The repatriation program, which continued through 1936, was a forced migration of Mexicans and Mexican-Americans over the southern border, with estimates ranging from 500,000 to 2 million deported. In 2005, the government of California proclaimed an official apology to those who were removed from the state to Mexico, including an estimated 1.2 million legal U.S. citizens.
To justify the program, county officials in Los Angeles, California, for example, petitioned the federal government to reduce the number of families on federal welfare and make jobs available to “Real Americans” by deporting immigrants. The American Federation of Labor and the National Club of America for Americans both stated that deportation of Mexicans would free jobs for U.S. citizens. This sentiment took precedence as the Depression continued, despite national statistics showing that less than 10 percent of people on welfare were Mexican or of Mexican descent. Nonetheless, states passed laws requiring all public employees to be American citizens, while the federal government imposed restrictions on immigrant labor. Many employers fired Mexican workers and refused to hire others, causing an increase in unemployment in the Mexican community.

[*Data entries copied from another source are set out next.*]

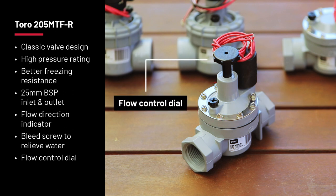What's more, the 205MTR also offers flow control via the dial on the top of the valve. This is useful when the spray heads are misting and not giving you even coverage. It's worth choosing a solenoid valve with flow control because you can then fine-tune your system after installation.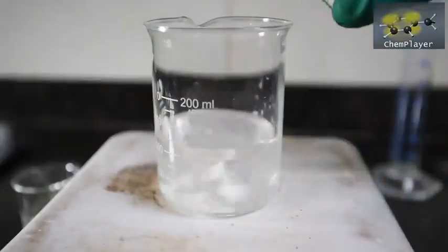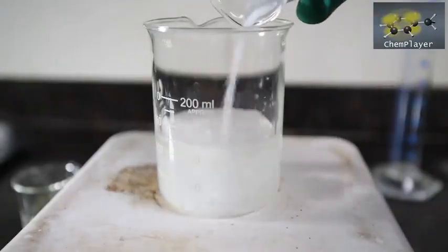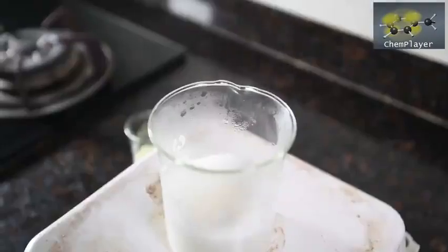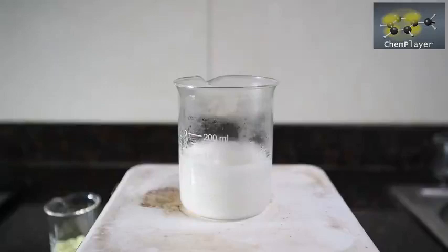Now we add the sodium hydroxide, which should form our sodium sulfite. The sodium hydroxide dissolves and you can see the mixture getting pretty hot as it does so and reacts to form the salt. The sodium sulfite is less soluble, so we've got some white colored solid now suspended in the mixture.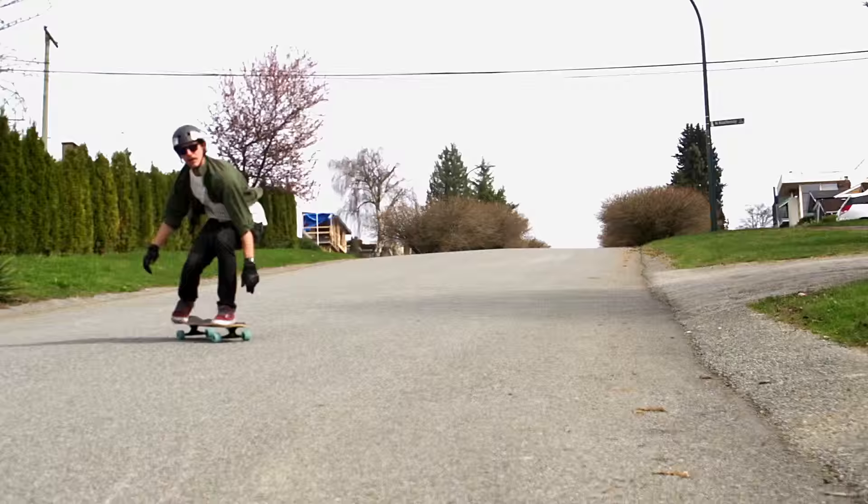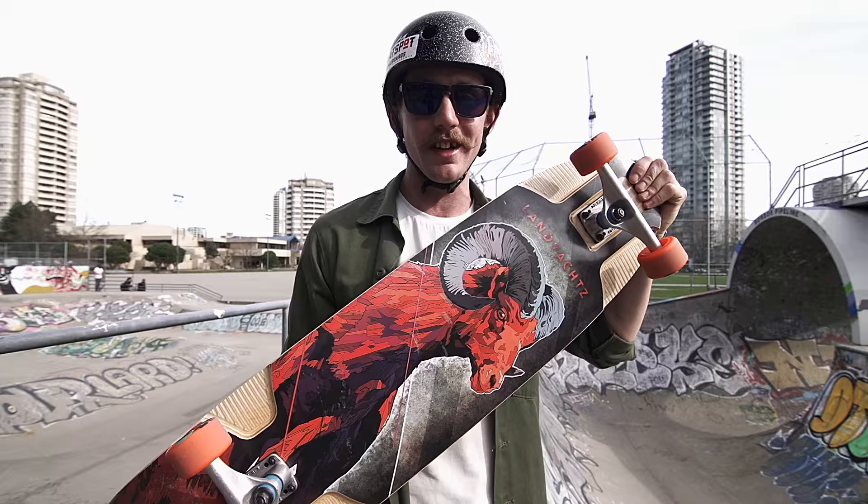We're here with the brand new Gorg 2016 Ramathor. I'm going to show you around the city and show you what it can do. First off, skate park.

Hoover endorsed a plan to deport “foreigners” under the third U.S. Secretary of Labor, William N. Doak, whose measures to expel Mexican immigrants included arresting participants in labor protests and farm strikes, charge them with illegal activities or being illegal immigrants, and deporting them. This focus on labor garnered public support for further actions by immigration agents including mass arrests and arbitrary deportations.
William Doak
William N. Doak served as the U.S. Secretary of Labor under President Herbert Hoover.
Smoot–Hawley Tariff
Despite the objections of many economists, Hoover signed the Tariff Act of 1930, commonly called the Smoot–Hawley Tariff, which raised the entry tax on more than 20,000 items imported from foreign countries to historically high levels.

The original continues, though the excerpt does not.